The first things people say to you are, “have faith,” “there is light at the end of the tunnel,” and so forth.  I always struggled with these well intentioned statements because they felt exclusive.  Maybe because I grew up thinking that to have faith is to be happy, content, without doubt.  To love means to not be discouraged or scared.  Maybe these lines feel that way because it is people’s way of not dealing with their own darkness when faced with the idea of death. 
I have had an array of uncomfortable and conflicting feelings and still do.  At every turn we are left with wonder.  And in fact, there are no guarantees, so this life, as is, imperfect, could actually be it…but that was true before I had the reminder of mortality.  I consider myself to be full of light and it has helped me make it through a year of dark questions.  Our emotional life is three dimensional and in living colors, the dark shades are just deeper places.

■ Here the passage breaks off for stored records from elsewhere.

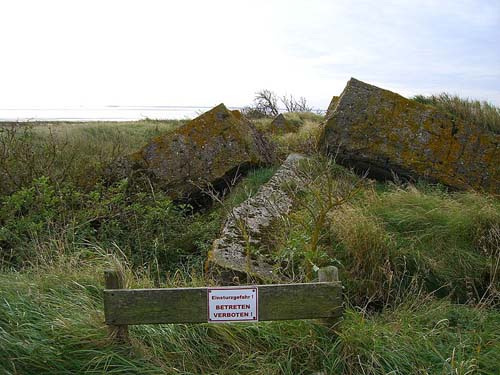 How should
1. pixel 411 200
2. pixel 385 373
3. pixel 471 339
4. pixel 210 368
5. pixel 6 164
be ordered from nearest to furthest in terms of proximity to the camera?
1. pixel 385 373
2. pixel 210 368
3. pixel 471 339
4. pixel 411 200
5. pixel 6 164

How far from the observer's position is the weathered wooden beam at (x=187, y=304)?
2.77 m

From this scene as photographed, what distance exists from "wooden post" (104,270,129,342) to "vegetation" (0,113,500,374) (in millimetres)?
55

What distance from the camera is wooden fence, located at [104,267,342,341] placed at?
109 inches

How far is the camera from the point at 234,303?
9.04 ft

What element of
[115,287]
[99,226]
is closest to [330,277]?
[115,287]

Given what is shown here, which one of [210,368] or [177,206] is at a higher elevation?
[177,206]

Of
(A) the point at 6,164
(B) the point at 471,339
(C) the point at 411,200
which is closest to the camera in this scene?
(B) the point at 471,339

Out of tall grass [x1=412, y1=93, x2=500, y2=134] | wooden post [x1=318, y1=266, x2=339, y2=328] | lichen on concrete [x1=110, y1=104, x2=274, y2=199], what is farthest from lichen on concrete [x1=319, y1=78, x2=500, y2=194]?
wooden post [x1=318, y1=266, x2=339, y2=328]

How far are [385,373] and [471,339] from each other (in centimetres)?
74

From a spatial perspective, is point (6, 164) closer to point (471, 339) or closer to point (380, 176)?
point (380, 176)

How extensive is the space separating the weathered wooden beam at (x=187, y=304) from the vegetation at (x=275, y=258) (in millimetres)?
200

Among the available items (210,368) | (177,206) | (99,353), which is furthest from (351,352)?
(177,206)

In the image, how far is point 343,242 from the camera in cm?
419

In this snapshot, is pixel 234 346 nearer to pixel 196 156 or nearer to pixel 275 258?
pixel 275 258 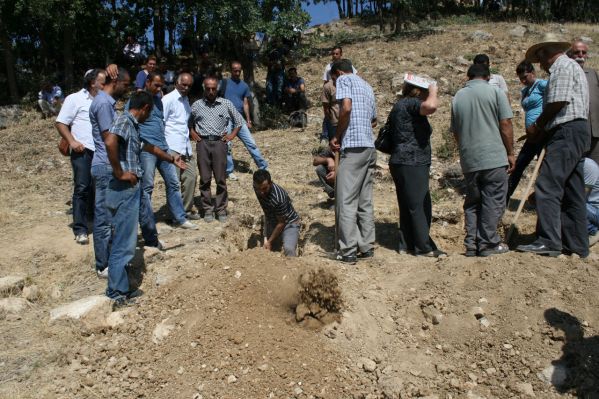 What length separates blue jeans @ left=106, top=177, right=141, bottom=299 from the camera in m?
4.21

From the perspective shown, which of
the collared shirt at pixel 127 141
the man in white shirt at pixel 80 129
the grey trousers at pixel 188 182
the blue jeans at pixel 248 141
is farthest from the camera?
the blue jeans at pixel 248 141

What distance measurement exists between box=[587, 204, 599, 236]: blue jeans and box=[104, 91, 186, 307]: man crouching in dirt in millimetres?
3992

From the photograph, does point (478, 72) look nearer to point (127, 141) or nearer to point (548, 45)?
point (548, 45)

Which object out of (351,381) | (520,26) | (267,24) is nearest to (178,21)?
(267,24)

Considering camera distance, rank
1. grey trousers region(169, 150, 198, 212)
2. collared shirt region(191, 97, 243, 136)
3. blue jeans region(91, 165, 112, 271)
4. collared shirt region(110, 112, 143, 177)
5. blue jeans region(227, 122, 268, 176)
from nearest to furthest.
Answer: collared shirt region(110, 112, 143, 177) → blue jeans region(91, 165, 112, 271) → collared shirt region(191, 97, 243, 136) → grey trousers region(169, 150, 198, 212) → blue jeans region(227, 122, 268, 176)

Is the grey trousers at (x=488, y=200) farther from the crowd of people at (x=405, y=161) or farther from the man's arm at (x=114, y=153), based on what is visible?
the man's arm at (x=114, y=153)

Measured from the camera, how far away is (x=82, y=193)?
18.6 ft

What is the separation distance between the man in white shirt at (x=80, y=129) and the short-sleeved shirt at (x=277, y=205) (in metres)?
1.80

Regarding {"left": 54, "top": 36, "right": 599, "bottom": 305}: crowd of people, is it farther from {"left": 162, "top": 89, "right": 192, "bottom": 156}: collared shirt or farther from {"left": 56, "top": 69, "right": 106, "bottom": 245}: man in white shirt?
{"left": 162, "top": 89, "right": 192, "bottom": 156}: collared shirt

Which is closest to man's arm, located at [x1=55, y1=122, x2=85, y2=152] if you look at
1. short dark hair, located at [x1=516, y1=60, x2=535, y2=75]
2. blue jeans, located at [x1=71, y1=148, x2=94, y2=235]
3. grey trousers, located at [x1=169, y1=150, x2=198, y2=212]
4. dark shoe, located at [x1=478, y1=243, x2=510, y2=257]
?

Light, in all its mystery, is all inclusive.  It serves a dual role, as both particle and wave. White light embodies all colors, it’s darkness that excludes and minimizes.  Light is ALL, not the absence of, not just one shade of experience… In the emotional kaleidoscope of cancer world, present feelings, like ever changing bits of light, of color in my scope, turning round and round with new medleys and designs, moment by moment… The many hues of human experience don’t contradict the depth of my love or faith, because like light, my joy is inclusive too.  Isn’t that the mysterious and amazing thing about it all? 
So what if today is all there is?  If living with cancer is what is left?  My hope is for years and years more with Wil.  But if this life, and this light, and our love is what is left…I’m already living the happier, right here, right now.  I’m living in an inclusive light and that, even with uncertainty and doubt, it’s why there is joy.  The light does drive out darkness.  I was waiting on joy and light, now I know it’s been there all along.